Data:

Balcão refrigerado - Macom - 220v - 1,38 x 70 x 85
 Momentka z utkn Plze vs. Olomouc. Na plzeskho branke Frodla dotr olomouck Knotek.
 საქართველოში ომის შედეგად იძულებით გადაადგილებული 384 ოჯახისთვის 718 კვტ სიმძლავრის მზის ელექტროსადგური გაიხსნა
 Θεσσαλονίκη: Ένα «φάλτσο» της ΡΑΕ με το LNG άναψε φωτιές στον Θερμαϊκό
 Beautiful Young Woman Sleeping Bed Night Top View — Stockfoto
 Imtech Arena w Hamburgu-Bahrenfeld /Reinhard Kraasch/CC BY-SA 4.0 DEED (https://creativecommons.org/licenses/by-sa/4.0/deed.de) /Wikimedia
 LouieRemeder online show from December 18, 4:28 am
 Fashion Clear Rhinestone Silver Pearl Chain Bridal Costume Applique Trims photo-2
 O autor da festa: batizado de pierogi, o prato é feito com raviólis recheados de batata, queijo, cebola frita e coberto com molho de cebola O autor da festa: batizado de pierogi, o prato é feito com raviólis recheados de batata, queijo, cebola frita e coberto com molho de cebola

Exercise requirements: Write out exactly the final stretch of the listing above, beginning at the line that contains "LouieRemeder online show" and ending at its last line, with nothing added.

Written solution:
 LouieRemeder online show from December 18, 4:28 am
 Fashion Clear Rhinestone Silver Pearl Chain Bridal Costume Applique Trims photo-2
 O autor da festa: batizado de pierogi, o prato é feito com raviólis recheados de batata, queijo, cebola frita e coberto com molho de cebola O autor da festa: batizado de pierogi, o prato é feito com raviólis recheados de batata, queijo, cebola frita e coberto com molho de cebola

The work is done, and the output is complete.